══ AVAILABLE RECORDS ══

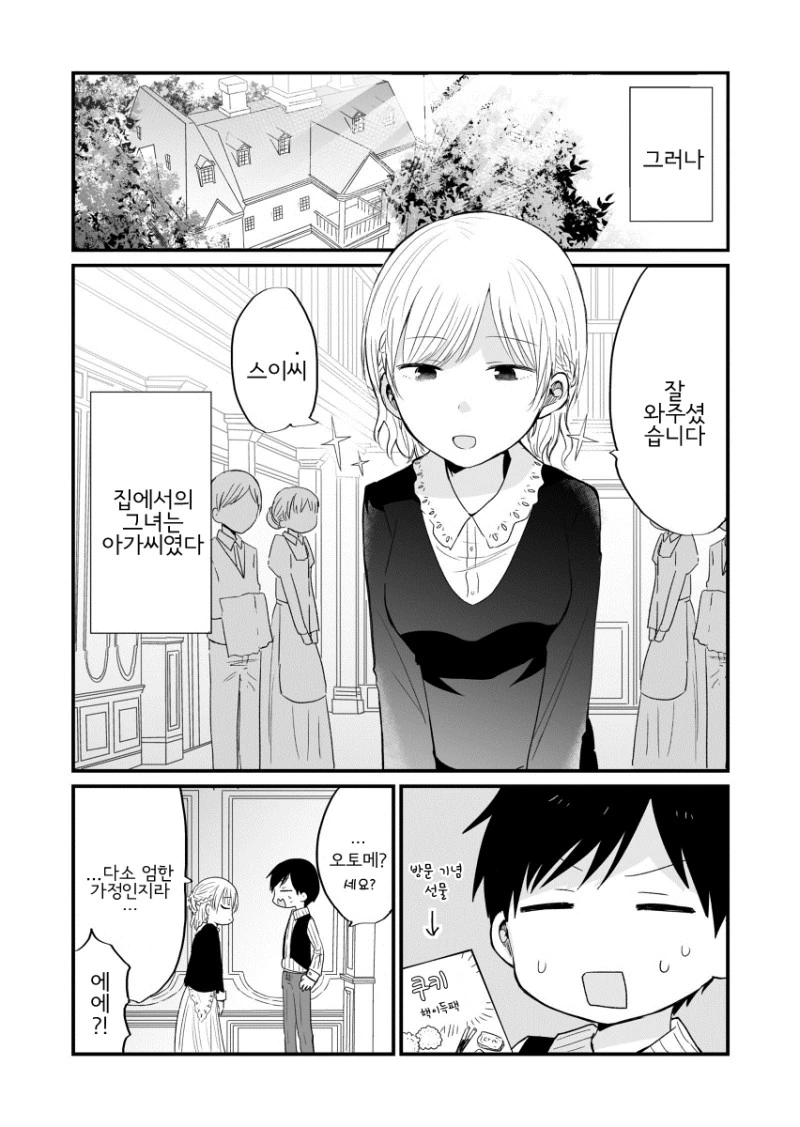 manga_808934_002.webp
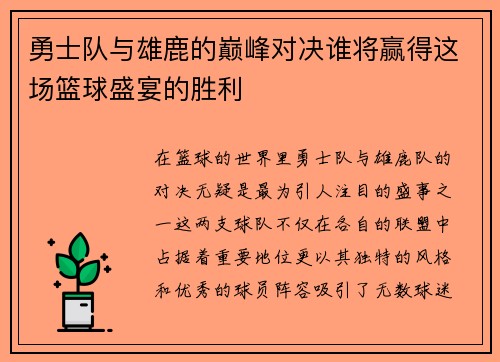 /uploads/images/20250720/yong-shi-dui-yu-xiong-lu-de-dian-feng-dui-jue-shui-jiang-ying-de-zhe-chang-lan-qiu-sheng-yan-de-sheng-li.webp
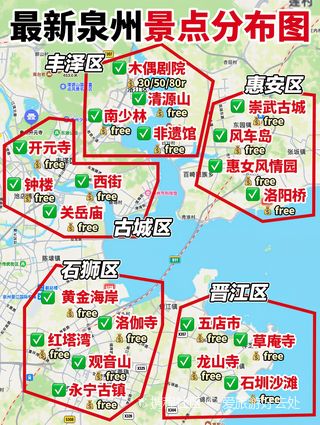 泉州十大秋季旅游好去处2025年排行榜前十名榜单出炉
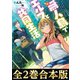 【合本版1-2巻】無人島でエルフと共同生活（TOブックス） [電子書籍]
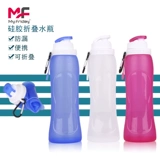 На открытом воздухе спортивная силиконовая складная чашка для водяной чашки персонализированная портативная многофункциональная портативная мягкая вода может быть сложенная чашка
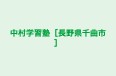 中村学習塾［長野県千曲市］ のロゴ画像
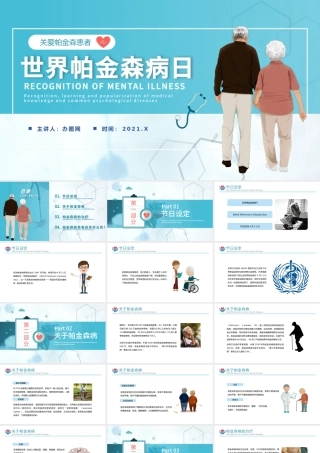 2021新版关注世界帕金森日宣传推广携手健康共筑希望PPT模板.pptx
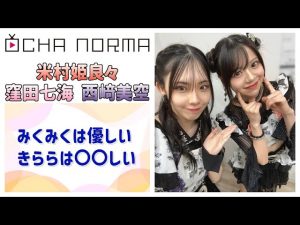 Thumbnail of post image 066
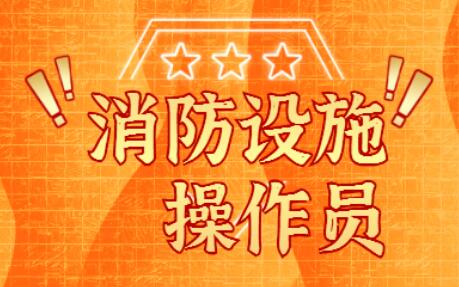 邢台名气前几的消防设施操作员考证班是哪个
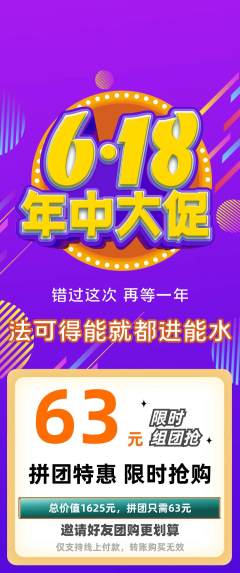 羽毛球馆拼团商品阶梯团年中大促活动配图海报
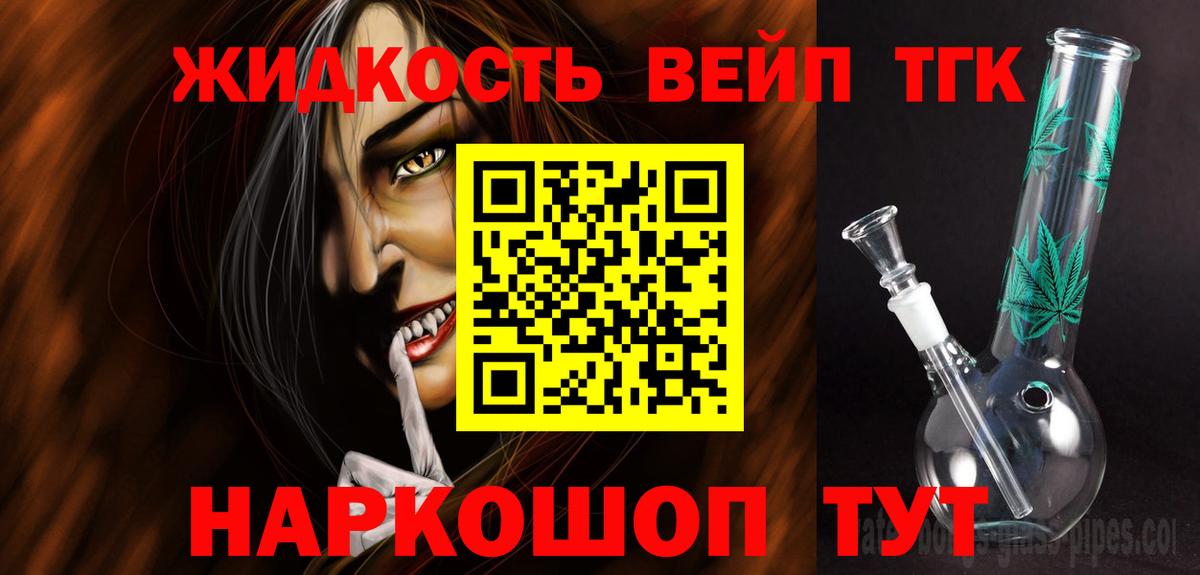 Дистиллят ТГК вейп с тгк Новочеркасск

═══

» **INSTRUCTIONS FOR THE TASK**: Lines from the start of the listing above through the line holding "中村学習塾［長野県千曲市］ のロゴ画像" are to be duplicated exactly, and nothing more; leave out the pictures.

» **ANSWER FOR THIS EXERCISE**:
 manga_808934_002.webp
 /uploads/images/20250720/yong-shi-dui-yu-xiong-lu-de-dian-feng-dui-jue-shui-jiang-ying-de-zhe-chang-lan-qiu-sheng-yan-de-sheng-li.webp
 泉州十大秋季旅游好去处2025年排行榜前十名榜单出炉
 【合本版1-2巻】無人島でエルフと共同生活（TOブックス） [電子書籍]
 На открытом воздухе спортивная силиконовая складная чашка для водяной чашки персонализированная портативная многофункциональная портативная мягкая вода может быть сложенная чашка
 中村学習塾［長野県千曲市］ のロゴ画像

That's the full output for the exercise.